In 1984, Marcos appointed a commission, first led by Chief Justice Enrique Fernando and later Corazon Agrava, to launch an investigation into Aquino's assassination.[32] Despite the commission's conclusions, Cardinal Jaime Sin, the Archbishop of Manila, declined an offer to join the commission and rejected the government's views on the assassination.
This began a period of coalitions, first led by the nationalist liberal democrats under Jose W. Diokno called Kilusan sa Kapangyarihan at Karapatan ng Bayan or KAAKBAY, an umbrella organization founded in 1983, which headed the first grand liberal coalition called JAJA, or the Justice for Aquino, Justice for All movement. JAJA consisted of organizations such as the social democrat-based August Twenty One Movement (ATOM) led by Butz Aquino, KAAKBAY, MABINI, the Makati-based Alliance of Makati Associations or AMA, and others.
This was before the division of the center-left and national democratic/Marxist left, when the coalitions tended to pursue Diokno's philosophy of pressure politics or mass actions to influence and sway the Marcos dictatorship.[33]
Parliamentarians of the streets, as they were called, applied pressure politics, and soon other coalitions were formed, culminating in the first call for elections for the opposition in the Kongreso ng Mamamayang Pilipino or KOMPIL.[34] KOMPIL was organized by Aquino's ATOM from the JAJA coalition, as a means to unite the businessmen, communists, and other groups. Most of the KOMPIL members were led by the AMA leaders.
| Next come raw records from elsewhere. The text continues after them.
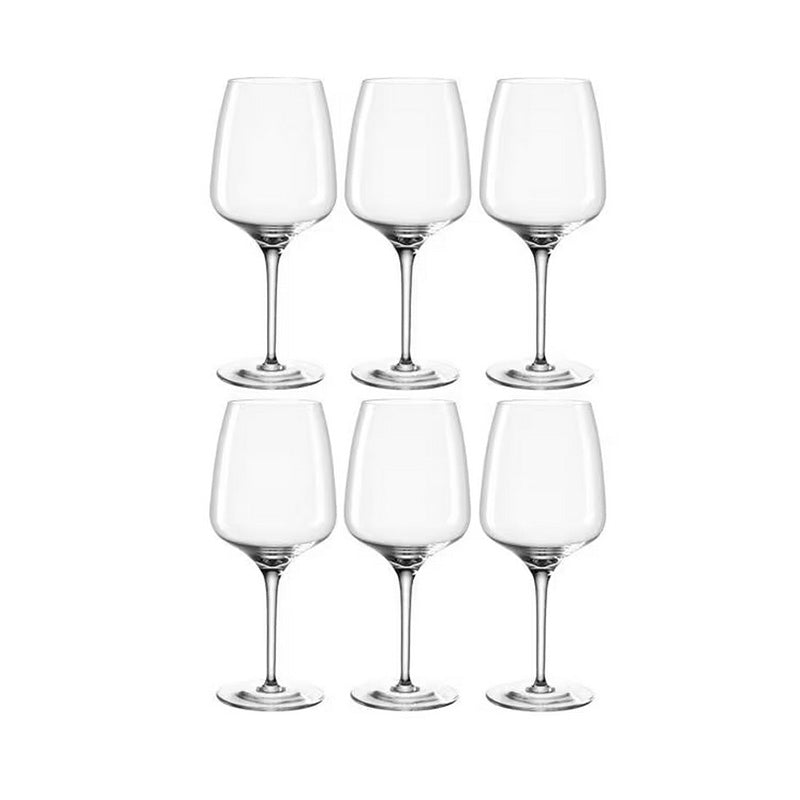 Coffret 6 verres à vin blanc Teqton 36 cl Transparent Cesti Leonardo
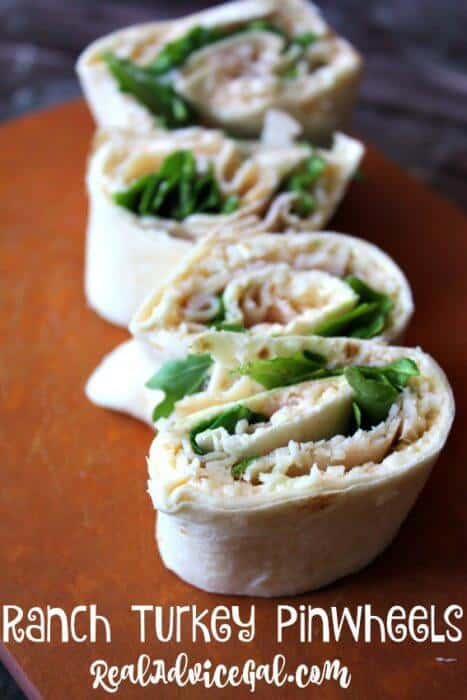 Ranch Turkey Pinwheels Recipe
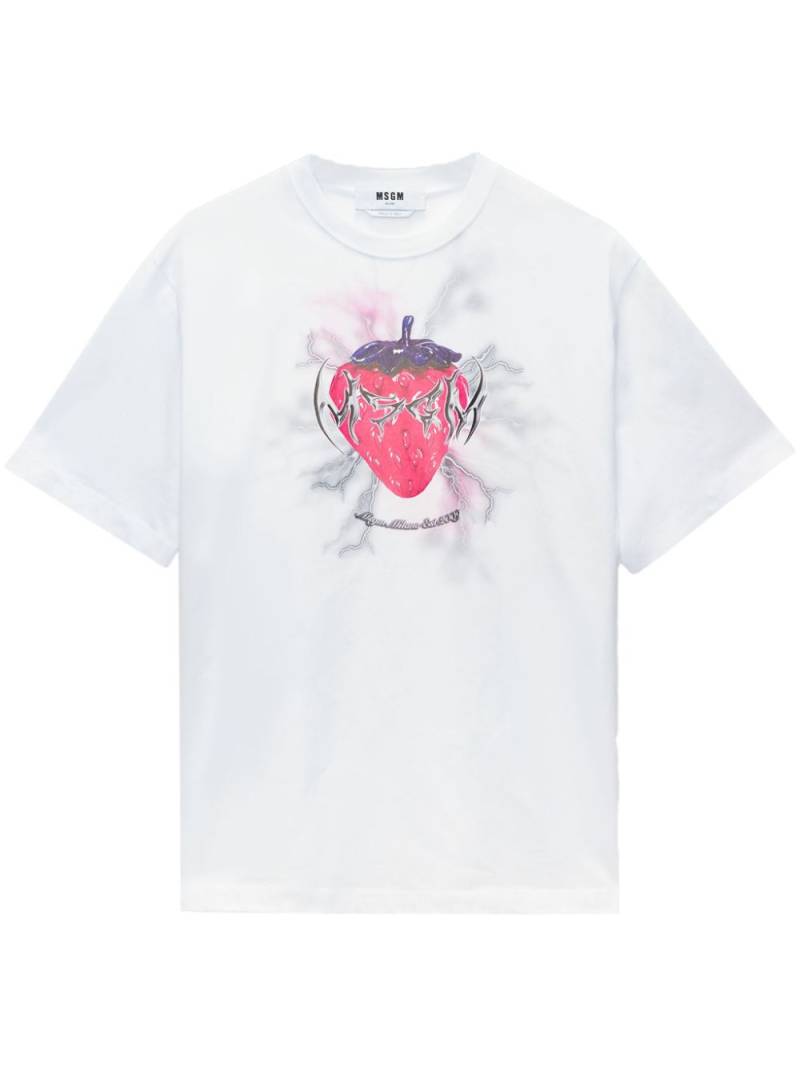 MSGM graphic-print crew-neck T-shirt - White von MSGM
Meanwhile, Diokno, Lorenzo M. Taada of MABINI, Butz and Corazon Aquino, and a few others were elected the overall presiding leaders in a search to find the opposition candidate. The main issue was whether to accept the CAMEL or Call for Meaningful Elections or, as Diokno and the more liberal JAJA members preferred, to boycott the event which might be another fixed election.[35]
JAJA was later replaced by the Coalition of Organizations for the Restoration of Democracy (CORD) in the middle of 1984, which retained most of JAJA's features and membership. A year later CORD was replaced by Bagong Alyansang Makabayan or BAYAN, which was to be a platform for Diokno should he run for president, and was led by Taada and student leader Lean Alejandro of the University of the Philippines. However the socialists/national democrats took control of the coalition so Diokno, Ambrosio Padilla, and the liberal democrats as well as Butz Aquino, ATOM, and the social democrats left BAYAN to the present national democratic coalition that it has become in the 21st century.[36]
Eventually the top leaders decided to convene to select a candidate in case of contingencies or any sudden announcements of changes. It was then on November 3, 1985, after pressure from the US government,[37] that Marcos suddenly announced a snap presidential election would take place the following year, one year ahead of the regular presidential election schedule, to legitimize his control over the country.[38] The snap election was legalized with the passage of Batas Pambansa Blg. 883 (National Law No. 883) by the Marcos-controlled unicameral congress called the Regular Batasang Pambansa.[39]